23 For the command [is] a lamp, And the Law a light, And a way of life [are] reproofs of instruction,
Want het gebod is een lamp, en de wet is een licht, en de bestraffingen der tucht zijn de weg des levens;
24 To preserve you from an evil woman, From the flattery of the tongue of a strange woman.
Om u te bewaren voor de kwade vrouw, voor het gevlei der vreemde tong.
25 Do not desire her beauty in your heart, And do not let her take you with her eyelids.
Begeer haar schoonheid niet in uw hart, en laat ze u niet vangen met haar oogleden.
26 For a harlot consumes to a cake of bread, And an adulteress hunts the precious soul.

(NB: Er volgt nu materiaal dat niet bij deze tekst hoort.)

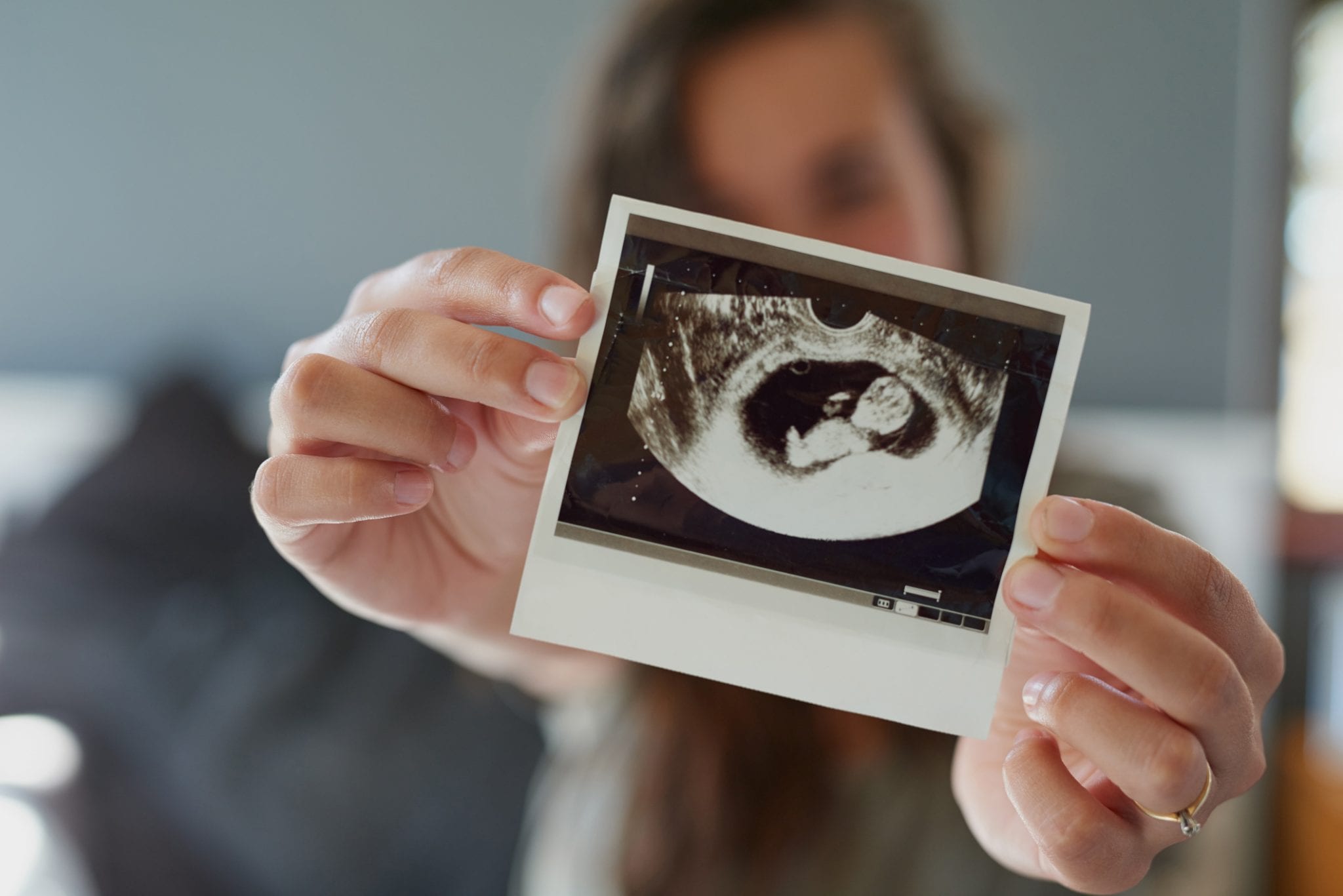 Gender & Foetal Wellbeing | From 16 – 18 Weeks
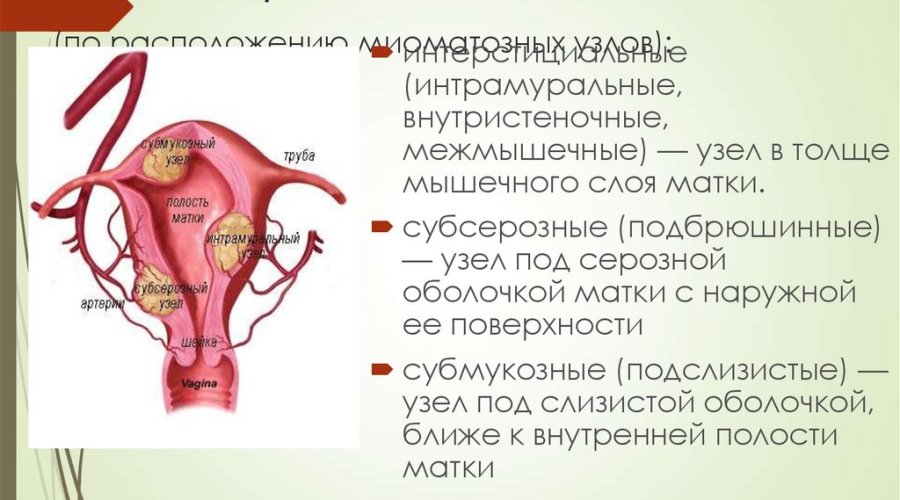 Признаки и методы лечения миоматозного узла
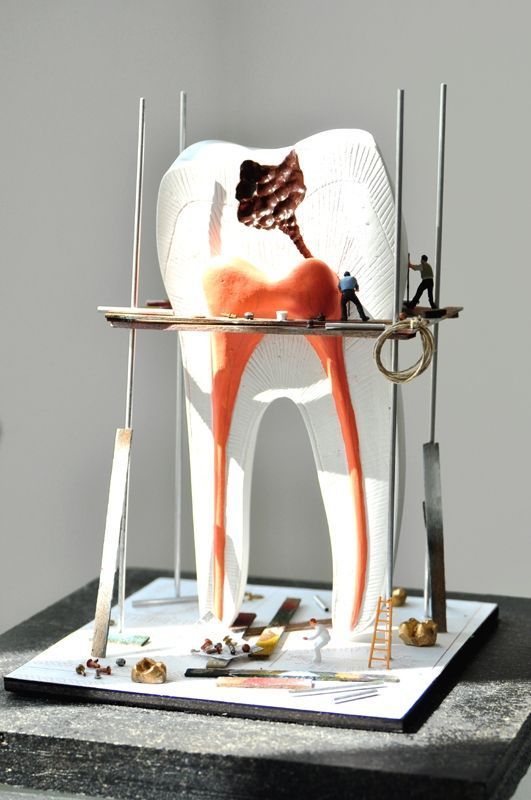 Zahnmodell in Übergröße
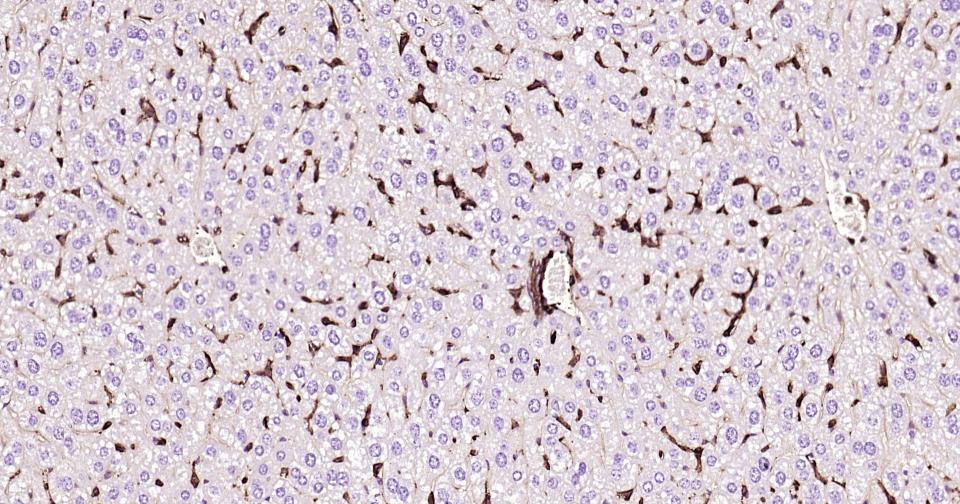 葡萄糖转运蛋白1重组兔单抗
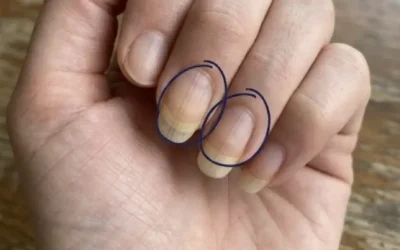 Si vous avez des stries sur vos ongles en voici la signification.jpg (1)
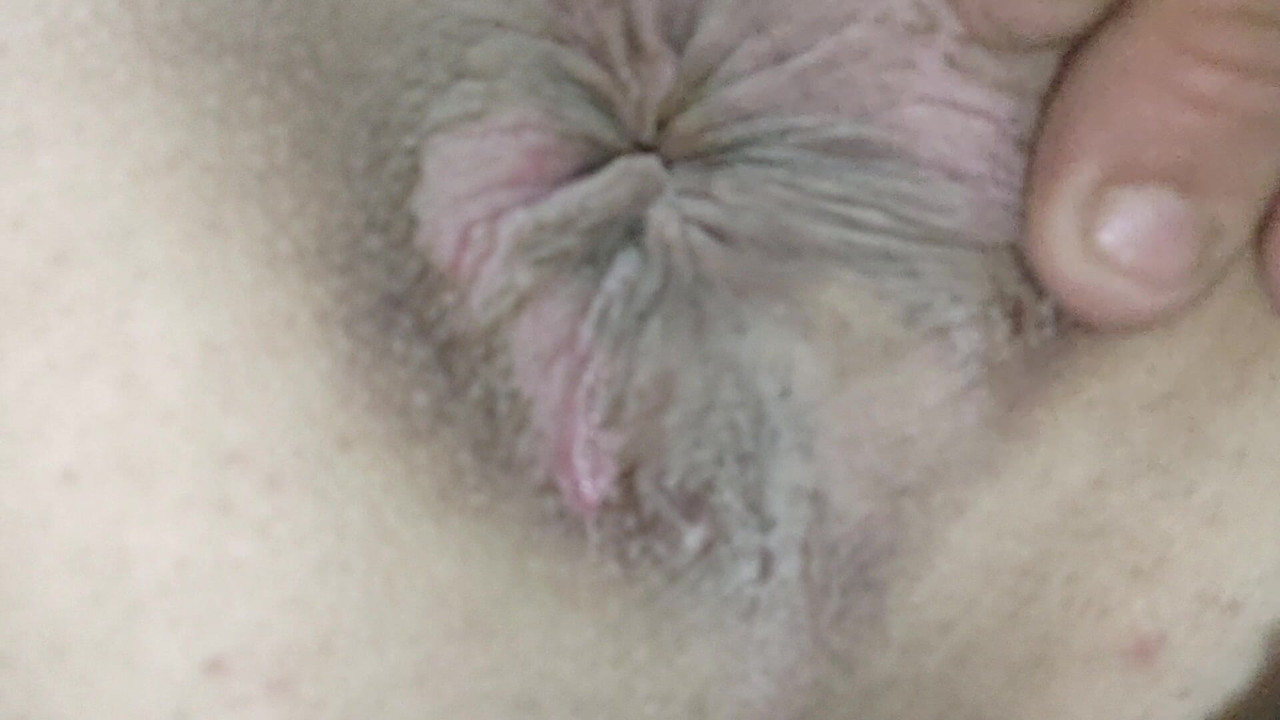 Extreme prolapsed anal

Want door een vrouw, die een hoer is, komt men tot een stuk broods; en eens mans huisvrouw jaagt de kostelijke ziel.
27 Does a man take fire into his bosom, And are his garments not burned?
Zal iemand vuur in zijn boezem nemen, dat zijn klederen niet verbrand worden?

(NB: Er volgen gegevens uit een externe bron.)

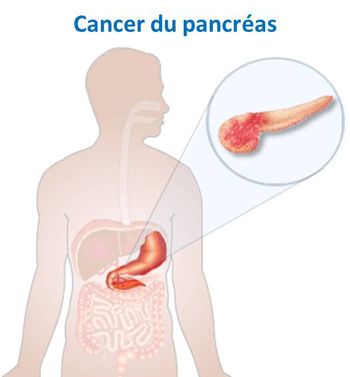 Cancer du pancréas : une nouvelle piste pour empêcher les ...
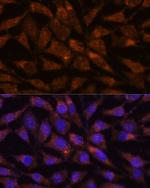 VIP36 Antibody in Immunocytochemistry (ICC/IF)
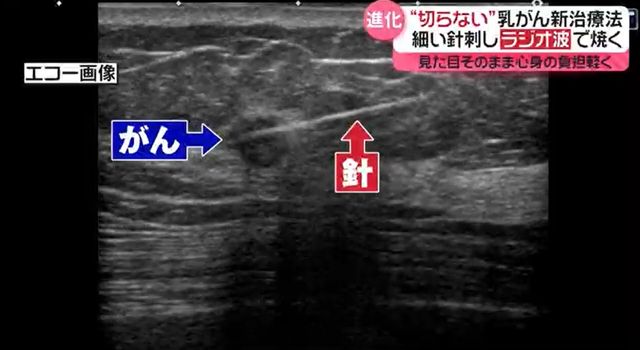 治療前後のエコー画像比較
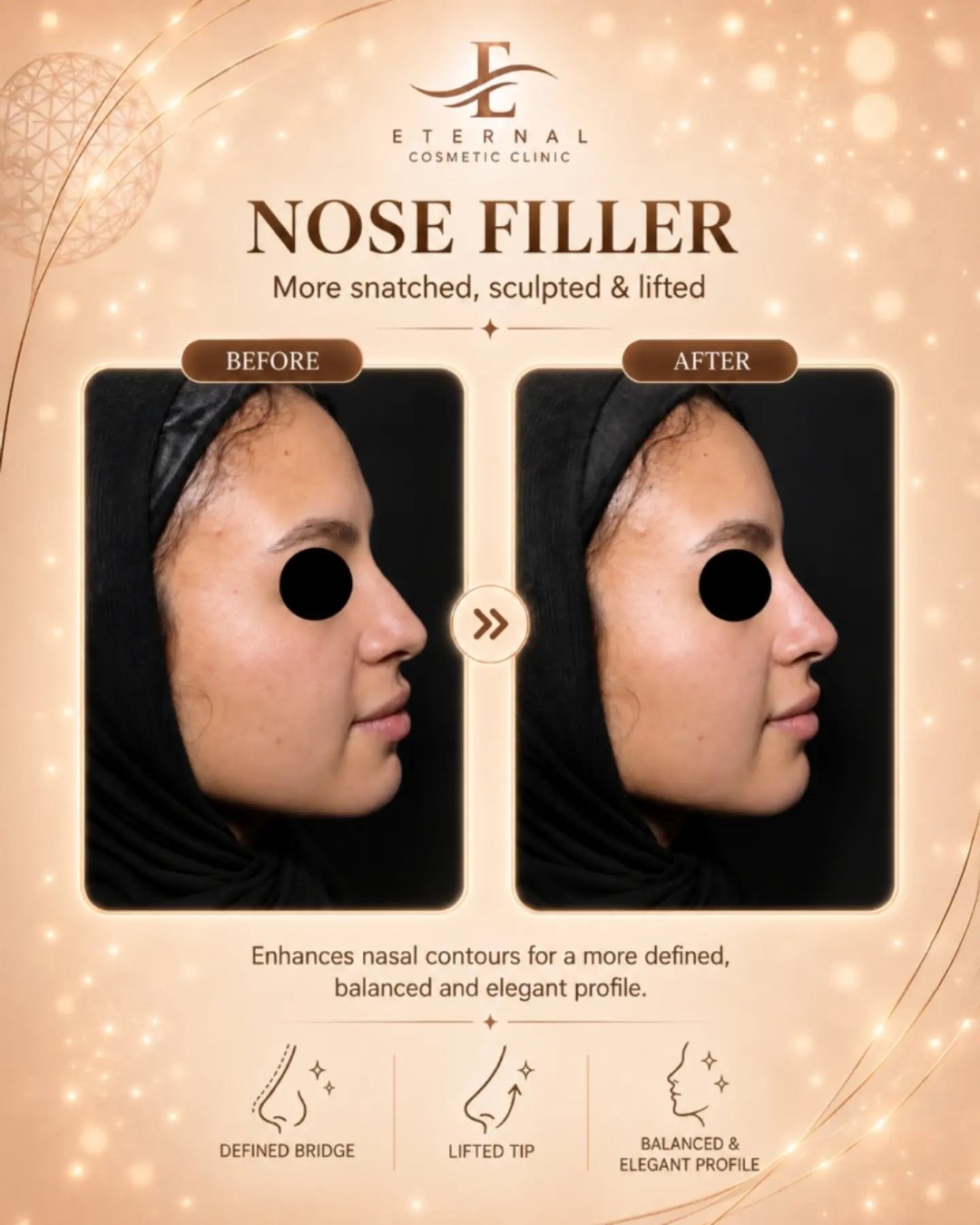 Eternal Cosmetic Clinic before and after result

28 Does a man walk on the hot coals, And are his feet not scorched?
Zal iemand op kolen gaan, dat zijn voeten niet branden?
29 So [is] he who has gone in to the wife of his neighbor, None who touches her is innocent.
Alzo die tot zijns naasten huisvrouw ingaat; al wie haar aanroert, zal niet onschuldig gehouden worden.
30 They do not despise the thief, When he steals to fill his soul when he is hungry,
Men doet een dief geen verachting aan, als hij steelt om zijn ziel te vullen, dewijl hij honger heeft;
31 And being found he repays sevenfold, He gives all the substance of his house.
En gevonden zijnde, vergeldt hij het zevenvoudig; hij geeft al het goed van zijn huis.
32 He who commits adultery [with] a woman lacks heart, He who does it is destroying his soul.
Maar die met een vrouw overspel doet, is verstandeloos; hij verderft zijn ziel, die dat doet;
33 He finds a stroke and shame, And his reproach is not wiped away,
Plage en schande zal hij vinden, en zijn smaad zal niet uitgewist worden.
34 For jealousy [is] the fury of a man, And he does not spare in a day of vengeance.
Want jaloersheid is een grimmigheid des mans; en in den dag der wraak zal hij niet verschonen.
35 He does not accept the appearance of any atonement, Indeed, he does not consent, Though you multiply bribes!
Hij zal geen verzoening aannemen; en hij zal niet bewilligen, ofschoon gij het geschenk vergroot.